A mixture of kindness and devilishness danced in his expression that made me want to reach out and ruffle his hair, but I dared not upset the mystical juxtaposition that brought him to me. From all those days on the river, when school got too binding for him and he played hooky to go fishing, his skin was ginger with a constellation of freckles on his face and arms. Fortunately he'd left his catch of catfish on a string somewhere else. I must have smiled because he winked at me.
“What was that for?” I asked.
He cocked his head, and I thought he might say something. When he didn't, I kept talking.
“Do I remind you of the Widow Douglas?” If he heard me, he didn't answer, so I kept talking on as if the sound of my voice anchored him in place. I didn't have any trouble finding a topic. With a father like Pap, Huck needed advice. “You shouldn't let Pap discourage you from learning how to read. Unscrambling all those words seems like an awful chore to you now, but you won't regret being able to read on a cold winter's night. That's when I do my reading. Otherwise, I bake pies or strap on snowshoes to go walking with my dog.” I caught myself. He didn't need to hear old-lady stories. His pap menaced him something awful. “Pap's just jealous. He sees you turning into a fine young man, gifted with common sense and a bright future, and he knows his chances to do the same are lost forever.”
Huck wiped his nose with the back of his hand, and I stifled the urge to scold him. Maybe he'd get talkative if I found a subject he liked. True, I'd never been part of a robber gang like him and Tom, but I grew up in the wilds of New Mexico and Tennessee and California.

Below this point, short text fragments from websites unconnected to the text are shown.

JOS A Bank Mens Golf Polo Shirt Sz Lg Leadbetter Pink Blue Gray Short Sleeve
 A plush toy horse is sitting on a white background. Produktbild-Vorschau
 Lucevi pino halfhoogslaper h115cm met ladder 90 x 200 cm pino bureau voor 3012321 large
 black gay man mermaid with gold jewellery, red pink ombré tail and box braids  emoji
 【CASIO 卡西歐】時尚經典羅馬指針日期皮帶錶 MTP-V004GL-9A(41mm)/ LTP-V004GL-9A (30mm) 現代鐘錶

“When I was a bit younger than you, I sneaked away with my sister to sleep under the stars, just like the Indians. By that time, my pa worked as a ranger at Yosemite, a place with granite cliffs, lush valleys, and heart-pounding waterfalls. Bears and mountain lions lived there too and worried Pa. If he'd known we left our beds like we did, he would have walloped us good, but we couldn't resist the pull of the night sky, not even Miss Prissy Pants, Evelyn. She was the one to stay awake until Pa's snoring rattled the windows because she was older and tossed and turned most of the night anyway. Then she'd wake me, and we snatched our winter quilts from under our beds to tiptoe out of the house.
“I agree with you, Huck, the sky is biggest when you're lying on your back, trying to make patterns of the stars. Even though she begged me not to, I told Evelyn scary stories I'd thought up while drying the dishes. I scared her bad enough that she returned to the cabin more than once. And then a twig might snap, or the wind moaned through the tops of the sequoias. That got me thinking about bears and mountain lions, and I loathe admitting so, but I soon followed her inside. On the nights we stayed under the stars, I woke up Evelyn while the moon still hung in the sky to go inside before our parents wokeâPa to mount his horse, General, to patrol the back country, and Ma to try to keep her girls civilized, just like Widow Douglas did for you.”
Huck crossed his arms and leaned back. I waited. His stories surely outpaced mine for adventure and danger. He played with the mouthpiece of his pipe but didn't utter a sound. I kept talking.